:: EXERCISE REQUIREMENTS ::
Repeat the records below exactly, beginning at the first line and finishing with the line that contains "Blue flowers in".

[Opening DATA EXCERPTS section]

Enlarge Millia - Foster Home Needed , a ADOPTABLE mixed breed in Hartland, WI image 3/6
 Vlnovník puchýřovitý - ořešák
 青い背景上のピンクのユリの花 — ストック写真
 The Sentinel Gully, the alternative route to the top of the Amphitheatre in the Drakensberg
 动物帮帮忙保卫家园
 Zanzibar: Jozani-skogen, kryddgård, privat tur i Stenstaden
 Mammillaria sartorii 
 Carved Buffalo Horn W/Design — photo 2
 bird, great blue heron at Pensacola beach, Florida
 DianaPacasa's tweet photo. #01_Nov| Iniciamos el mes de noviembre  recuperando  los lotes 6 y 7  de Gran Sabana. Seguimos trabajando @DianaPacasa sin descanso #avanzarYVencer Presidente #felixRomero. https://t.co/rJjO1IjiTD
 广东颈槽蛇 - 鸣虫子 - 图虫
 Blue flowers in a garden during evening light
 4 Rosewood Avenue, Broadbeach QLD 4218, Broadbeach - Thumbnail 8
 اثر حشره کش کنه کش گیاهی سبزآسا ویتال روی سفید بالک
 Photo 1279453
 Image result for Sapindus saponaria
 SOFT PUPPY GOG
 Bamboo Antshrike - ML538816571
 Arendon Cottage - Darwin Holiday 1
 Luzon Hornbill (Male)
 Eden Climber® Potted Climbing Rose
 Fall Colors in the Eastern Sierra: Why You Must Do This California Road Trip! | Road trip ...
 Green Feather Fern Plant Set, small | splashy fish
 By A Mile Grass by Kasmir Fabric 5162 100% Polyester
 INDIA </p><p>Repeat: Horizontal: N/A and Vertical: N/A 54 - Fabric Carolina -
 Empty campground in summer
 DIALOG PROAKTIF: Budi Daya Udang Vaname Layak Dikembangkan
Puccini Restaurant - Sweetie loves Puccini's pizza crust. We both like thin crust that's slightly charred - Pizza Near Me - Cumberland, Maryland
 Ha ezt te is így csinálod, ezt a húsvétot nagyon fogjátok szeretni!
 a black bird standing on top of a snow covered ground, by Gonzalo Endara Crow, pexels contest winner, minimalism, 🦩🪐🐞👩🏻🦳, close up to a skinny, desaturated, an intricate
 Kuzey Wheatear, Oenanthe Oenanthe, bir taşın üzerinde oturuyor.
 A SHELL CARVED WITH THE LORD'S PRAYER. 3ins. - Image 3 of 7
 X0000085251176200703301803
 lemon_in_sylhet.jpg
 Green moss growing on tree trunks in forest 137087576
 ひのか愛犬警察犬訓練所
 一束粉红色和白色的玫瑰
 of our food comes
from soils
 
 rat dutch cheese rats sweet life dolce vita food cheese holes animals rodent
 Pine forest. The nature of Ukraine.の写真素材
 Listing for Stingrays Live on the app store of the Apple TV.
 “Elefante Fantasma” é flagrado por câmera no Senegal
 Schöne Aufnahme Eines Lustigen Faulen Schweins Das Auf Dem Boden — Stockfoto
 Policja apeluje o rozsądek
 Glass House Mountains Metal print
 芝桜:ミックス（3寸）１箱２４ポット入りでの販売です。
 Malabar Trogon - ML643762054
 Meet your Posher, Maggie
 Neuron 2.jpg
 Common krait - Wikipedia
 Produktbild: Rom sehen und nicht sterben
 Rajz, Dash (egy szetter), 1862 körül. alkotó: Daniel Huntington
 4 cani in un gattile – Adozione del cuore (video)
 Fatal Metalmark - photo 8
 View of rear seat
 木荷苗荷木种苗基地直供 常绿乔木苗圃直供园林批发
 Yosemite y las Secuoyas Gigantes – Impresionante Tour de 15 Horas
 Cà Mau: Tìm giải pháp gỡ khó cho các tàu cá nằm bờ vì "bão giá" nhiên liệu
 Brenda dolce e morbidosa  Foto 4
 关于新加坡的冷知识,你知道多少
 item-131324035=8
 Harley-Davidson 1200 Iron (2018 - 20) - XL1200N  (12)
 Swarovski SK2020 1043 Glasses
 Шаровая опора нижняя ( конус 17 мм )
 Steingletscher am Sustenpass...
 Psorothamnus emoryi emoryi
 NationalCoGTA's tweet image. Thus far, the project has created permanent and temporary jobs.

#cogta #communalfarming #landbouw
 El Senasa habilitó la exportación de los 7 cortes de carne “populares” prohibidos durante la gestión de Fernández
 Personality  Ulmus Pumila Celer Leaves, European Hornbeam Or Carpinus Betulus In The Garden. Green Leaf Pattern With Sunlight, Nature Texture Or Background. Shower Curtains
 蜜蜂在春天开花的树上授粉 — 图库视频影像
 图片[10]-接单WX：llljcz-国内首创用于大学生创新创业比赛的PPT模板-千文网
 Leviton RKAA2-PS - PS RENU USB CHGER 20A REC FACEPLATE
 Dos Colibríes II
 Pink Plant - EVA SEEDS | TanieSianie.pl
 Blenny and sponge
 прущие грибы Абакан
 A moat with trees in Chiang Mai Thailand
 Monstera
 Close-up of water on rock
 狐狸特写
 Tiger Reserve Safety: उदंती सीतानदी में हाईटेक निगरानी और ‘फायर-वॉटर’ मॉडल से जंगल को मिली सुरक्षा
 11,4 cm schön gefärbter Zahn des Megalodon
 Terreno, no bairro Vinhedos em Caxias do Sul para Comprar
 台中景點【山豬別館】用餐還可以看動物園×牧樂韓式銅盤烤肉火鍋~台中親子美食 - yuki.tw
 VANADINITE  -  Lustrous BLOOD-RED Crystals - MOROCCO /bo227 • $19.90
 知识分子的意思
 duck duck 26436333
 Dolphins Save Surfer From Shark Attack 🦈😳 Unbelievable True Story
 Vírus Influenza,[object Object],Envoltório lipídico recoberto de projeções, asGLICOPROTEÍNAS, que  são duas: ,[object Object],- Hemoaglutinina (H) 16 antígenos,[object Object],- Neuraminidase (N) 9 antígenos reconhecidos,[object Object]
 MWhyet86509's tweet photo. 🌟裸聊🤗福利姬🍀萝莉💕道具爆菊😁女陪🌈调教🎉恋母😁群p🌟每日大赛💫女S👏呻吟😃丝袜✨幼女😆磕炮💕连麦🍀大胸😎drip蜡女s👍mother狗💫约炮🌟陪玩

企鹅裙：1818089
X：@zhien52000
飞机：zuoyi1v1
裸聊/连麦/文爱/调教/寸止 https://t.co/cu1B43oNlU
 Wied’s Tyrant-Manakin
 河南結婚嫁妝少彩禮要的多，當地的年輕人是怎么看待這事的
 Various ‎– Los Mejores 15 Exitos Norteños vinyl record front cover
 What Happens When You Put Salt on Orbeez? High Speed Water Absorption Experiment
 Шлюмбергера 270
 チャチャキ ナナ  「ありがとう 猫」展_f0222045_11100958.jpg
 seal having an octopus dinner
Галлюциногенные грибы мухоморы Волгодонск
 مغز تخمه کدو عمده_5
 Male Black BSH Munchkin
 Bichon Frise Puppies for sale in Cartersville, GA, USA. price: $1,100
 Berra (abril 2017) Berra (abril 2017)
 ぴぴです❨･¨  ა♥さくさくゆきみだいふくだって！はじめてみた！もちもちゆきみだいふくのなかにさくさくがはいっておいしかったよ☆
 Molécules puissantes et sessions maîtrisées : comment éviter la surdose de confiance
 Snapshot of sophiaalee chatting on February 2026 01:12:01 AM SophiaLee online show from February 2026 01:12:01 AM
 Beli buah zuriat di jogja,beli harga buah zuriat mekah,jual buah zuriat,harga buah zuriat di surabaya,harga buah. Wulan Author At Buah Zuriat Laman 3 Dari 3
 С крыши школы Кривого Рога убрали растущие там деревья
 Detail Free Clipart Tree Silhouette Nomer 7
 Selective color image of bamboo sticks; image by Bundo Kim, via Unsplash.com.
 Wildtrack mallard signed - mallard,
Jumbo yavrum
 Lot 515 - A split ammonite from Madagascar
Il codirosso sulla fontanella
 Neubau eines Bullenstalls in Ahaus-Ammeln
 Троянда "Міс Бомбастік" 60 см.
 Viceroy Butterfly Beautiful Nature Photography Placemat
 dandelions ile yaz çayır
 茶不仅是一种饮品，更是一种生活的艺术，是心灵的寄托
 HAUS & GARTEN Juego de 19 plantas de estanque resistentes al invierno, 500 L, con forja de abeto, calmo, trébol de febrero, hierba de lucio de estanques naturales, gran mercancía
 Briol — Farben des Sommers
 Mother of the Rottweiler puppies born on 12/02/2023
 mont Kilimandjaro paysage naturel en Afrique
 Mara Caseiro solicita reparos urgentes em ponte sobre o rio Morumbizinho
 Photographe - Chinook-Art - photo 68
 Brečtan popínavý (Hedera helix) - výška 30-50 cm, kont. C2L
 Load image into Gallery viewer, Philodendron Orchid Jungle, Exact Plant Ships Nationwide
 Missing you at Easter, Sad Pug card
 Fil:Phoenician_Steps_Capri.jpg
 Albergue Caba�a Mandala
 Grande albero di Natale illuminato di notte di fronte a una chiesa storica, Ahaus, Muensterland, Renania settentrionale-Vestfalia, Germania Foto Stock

[Closing DATA EXCERPTS section]

:: WRITTEN REPLY ::
Enlarge Millia - Foster Home Needed , a ADOPTABLE mixed breed in Hartland, WI image 3/6
 Vlnovník puchýřovitý - ořešák
 青い背景上のピンクのユリの花 — ストック写真
 The Sentinel Gully, the alternative route to the top of the Amphitheatre in the Drakensberg
 动物帮帮忙保卫家园
 Zanzibar: Jozani-skogen, kryddgård, privat tur i Stenstaden
 Mammillaria sartorii 
 Carved Buffalo Horn W/Design — photo 2
 bird, great blue heron at Pensacola beach, Florida
 DianaPacasa's tweet photo. #01_Nov| Iniciamos el mes de noviembre  recuperando  los lotes 6 y 7  de Gran Sabana. Seguimos trabajando @DianaPacasa sin descanso #avanzarYVencer Presidente #felixRomero. https://t.co/rJjO1IjiTD
 广东颈槽蛇 - 鸣虫子 - 图虫
 Blue flowers in a garden during evening light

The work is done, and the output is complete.